• **Exercise**
Using the data that follows, give again word for word the lines between the one holding "Los Monteros" and the one holding "Los vecinos denuncian", inclusive. Omit the pictures.

• **Excerpted data**

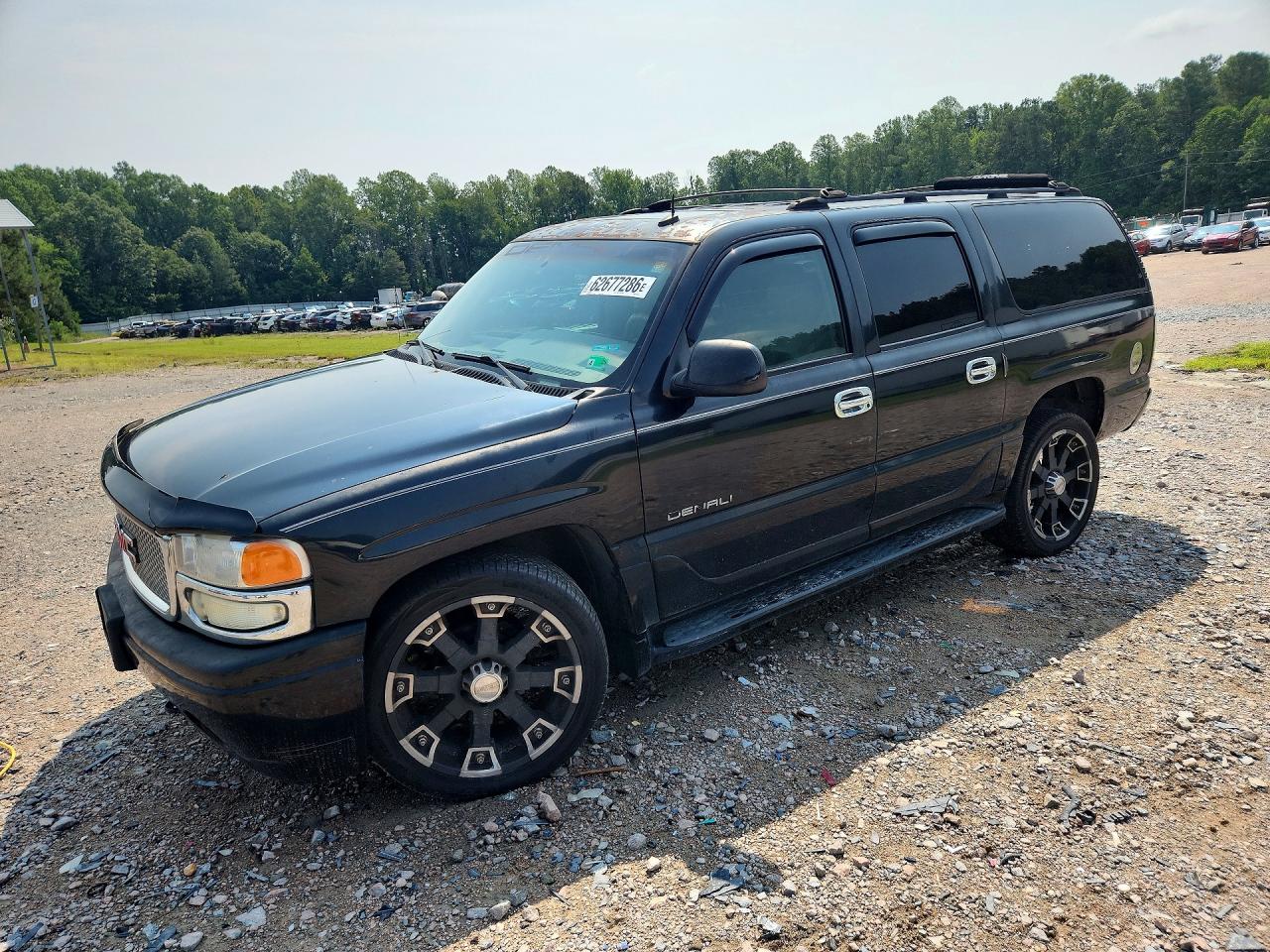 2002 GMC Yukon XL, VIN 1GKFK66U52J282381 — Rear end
==
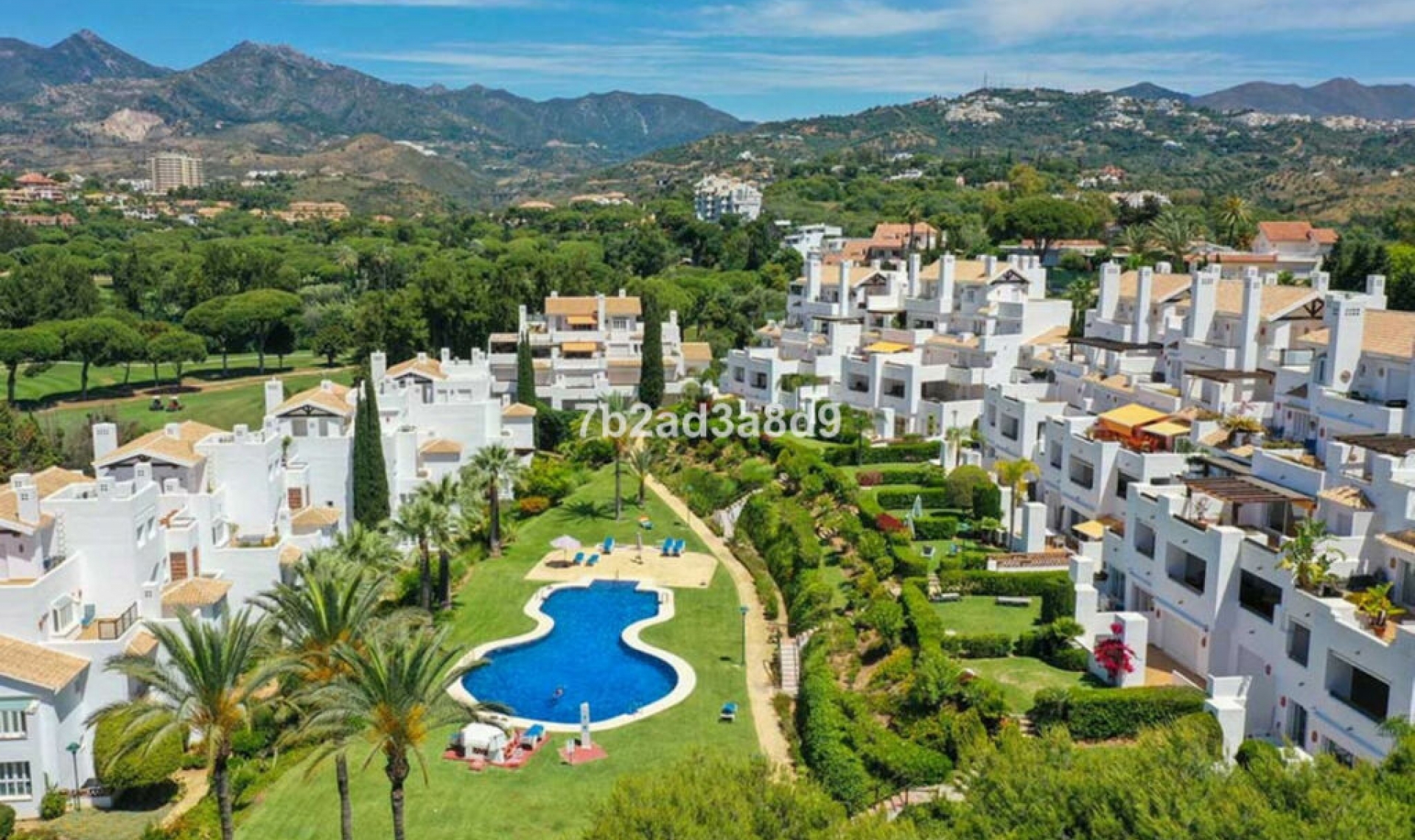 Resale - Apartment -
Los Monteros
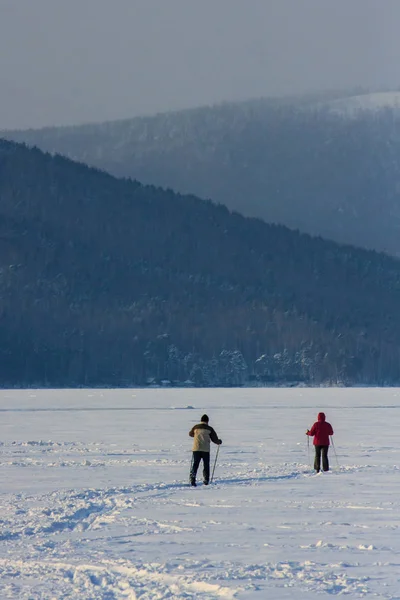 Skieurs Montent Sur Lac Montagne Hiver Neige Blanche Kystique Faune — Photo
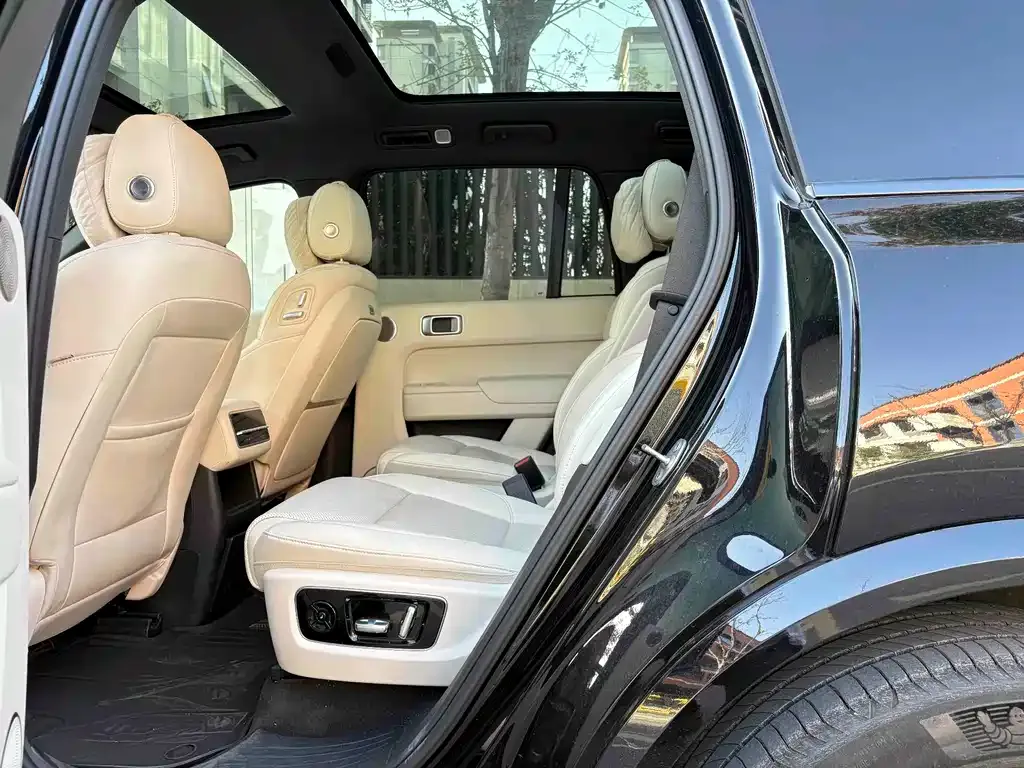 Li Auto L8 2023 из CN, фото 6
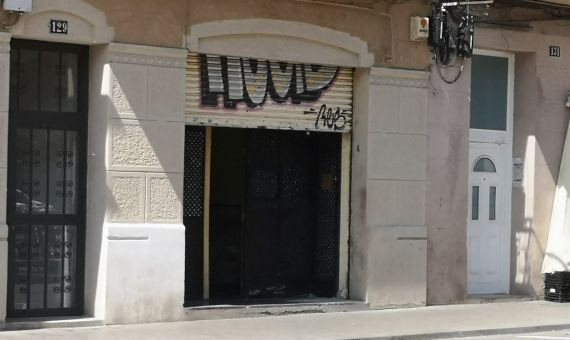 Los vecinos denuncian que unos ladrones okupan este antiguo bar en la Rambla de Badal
* * *
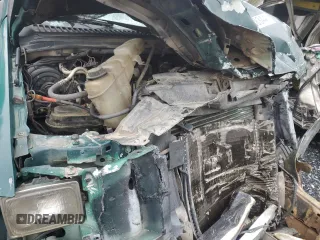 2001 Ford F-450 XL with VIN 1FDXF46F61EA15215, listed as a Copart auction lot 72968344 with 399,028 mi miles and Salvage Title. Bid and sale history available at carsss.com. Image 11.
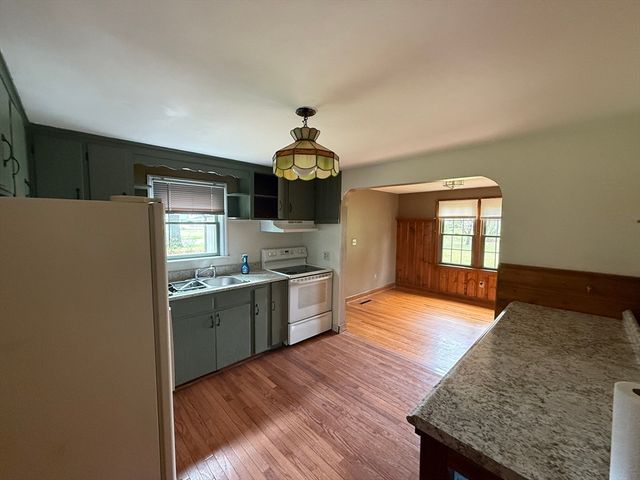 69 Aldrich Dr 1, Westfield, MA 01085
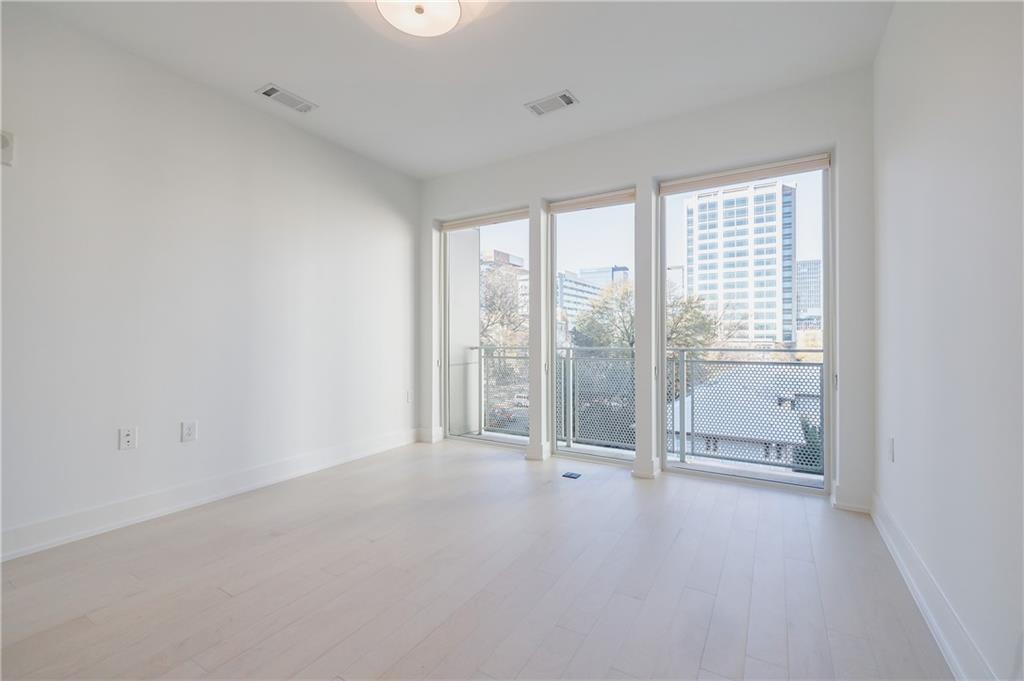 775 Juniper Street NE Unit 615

• **Task answer**
Los Monteros
 Skieurs Montent Sur Lac Montagne Hiver Neige Blanche Kystique Faune — Photo
 Li Auto L8 2023 из CN, фото 6
 Los vecinos denuncian que unos ladrones okupan este antiguo bar en la Rambla de Badal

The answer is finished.